La promenade du 11 dans le Bois de Vincennes a été suivie de promenades dans Paris. Le 12 la promenade était sur les quais de la Seine, là où nous n’avons maintenant plus le droit d’aller boire de l’alcool parce que c’est trop tentant, qu’on est nombreux à le faire et à se tousser dessus de trop près, et que ça ne rapporte toujours pas suffisamment d’argent au système capitaliste, contrairement aux transports, on a compris.
Peut-être aussi qu’ils nous interdisent de boire parce que c’est une activité incompatible avec les masques ? Mais dans ce cas ils devraient interdire les cigarettes et les sandwichs aussi.
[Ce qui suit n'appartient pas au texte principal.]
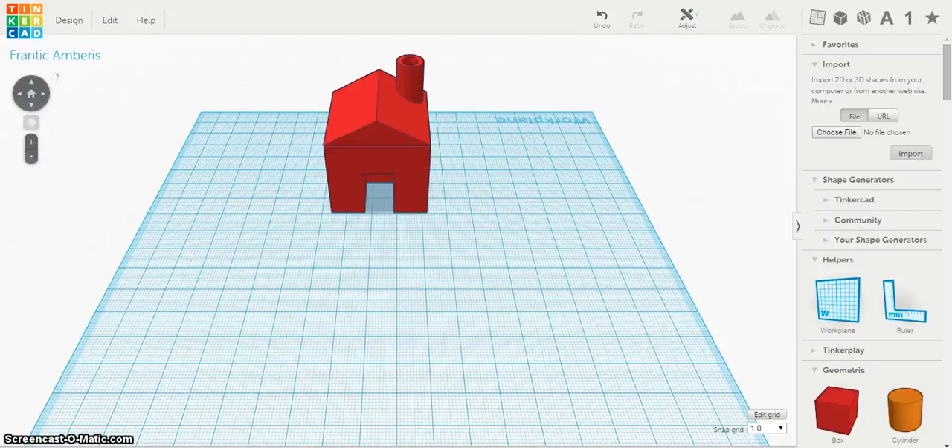In this video, I'm going to show you how to save for 3D printing. Although Tinkercad will automatically save your projects for you,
Toujours est-il qu’on a le droit de se promener, et c’était rigolo à faire. Regarder les gens à nouveau, les écouter parler, rire, raconter n’importe quoi, recommencer à commenter les tenues et les cheveux de nos compatriotes. Ca faisait trop longtemps.
Contraste saisissant ensuite entre la cour du Louvre accessible, le jardin des Tuileries entièrement fermé et vide, et en arrière plan les Champs Elysées à nouveau empruntés par tous les automobilistes de la capitale. Promenade particulièrement agréable à faire avec quelqu’un qui répète toutes les 5 minutes « et ben il est beau le changement de paradigme ». Mais c’est vrai qu’on avait oublié l’odeur, le bruit et la fumée des pots d’échappement. Et en effet, à vélo le changement de paradigme aurait été le bienvenu. J’étais bien, seule sur mes routes. N’ont-ils pas tous dit qu’ils avaient compris les limites du système et ne voulaient plus jamais utiliser leur voiture ? Retourner cultiver leur jardin potager à la campagne et arrêter de consommer à tout va ?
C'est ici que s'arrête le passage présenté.